= Oliver Killeen =

Fraudster and bigamist (born 1937)

Oliver Killeen (born 13 June 1937 in Castlebar, Ireland) is an Irish and Canadian fraudster and serial bigamist who was married at least 14 times.

He emigrated from Ireland to Canada with his first wife, Mary, with whom he had eight children. She died in Canada in 1974, aged 38. Later that same year, he was briefly married to Agnes Cloney. That marriage was never legally dissolved. He pretended to be a doctor of psychology in Waterford, Ireland for five years in the late 1990s, claiming to be a highly trained psychotherapist with university credentials from the United States and Canada. He became a well-known media personality in Ireland with radio, television and newspaper coverage, including authoring a syndicated column in 35 publications. He is believed to have been married between 13 and 19 times after becoming a widower in 1974. It is unclear if divorce was sought or received in any of those marriages. Killeen was convicted of bigamy in the UK in 2004, serving one and a half years of a three-year sentence. He became the subject of a 2006 TV film, The Conman With 14 Wives. Between 1971 and 1977 alone, Killeen had also accumulated 54 convictions for false pretenses, often involving bounced checks.

Barbara Daniels, one of Killeen's later wives, a Canadian citizen, filed a bigamy charge against him in Superior Court in Ontario and claimed he had been physically abusive which he acknowledged. They married in 1978 and she left him in 1985 but learned she could not divorce him as he was still married to his previous wife. Daniels' daughter, Julia Lafleur, was active on social media and, after learning he had returned to Toronto, gathered evidence to convince the Canadian authorities to prosecute him. On 1 March 2012, Killeen pleaded guilty to the charge, and was sentenced to 90-days in jail (to be served on weekends). The prosecutor said the defendant's age, his guilty plea, and the fact he is working were mitigating factors to be considered in sentencing.

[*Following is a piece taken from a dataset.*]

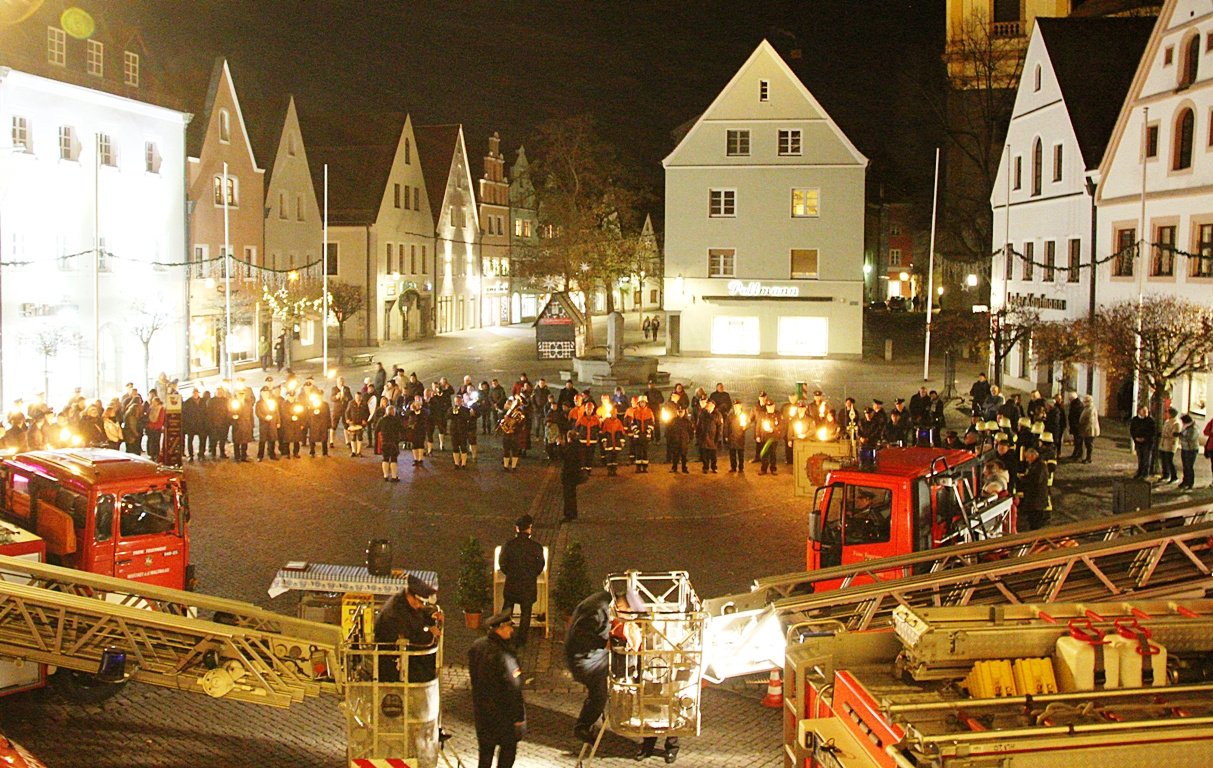 In Freundschaft verbunden: Neustadt und Weiden erneuern Patenversprechen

In 2006, Agnieszka Piotrowska directed a documentary about Killeen for Channel Five titled Conman With 14 Wives (also broadcast as Trust Me I am a Conman in some areas) which led to a discovery of Killeen's subsequent bigamous marriage. A Canadian documentary series was made titled The Devil You Know, created by Vancouver-based production company Make Believe Media. One of the episodes tells of Daniels' story of her marriage to Killeen and her daughter's legal battle to bring him to justice in Canada. It aired in Canada on Viva and elsewhere on the Oprah Winfrey Network.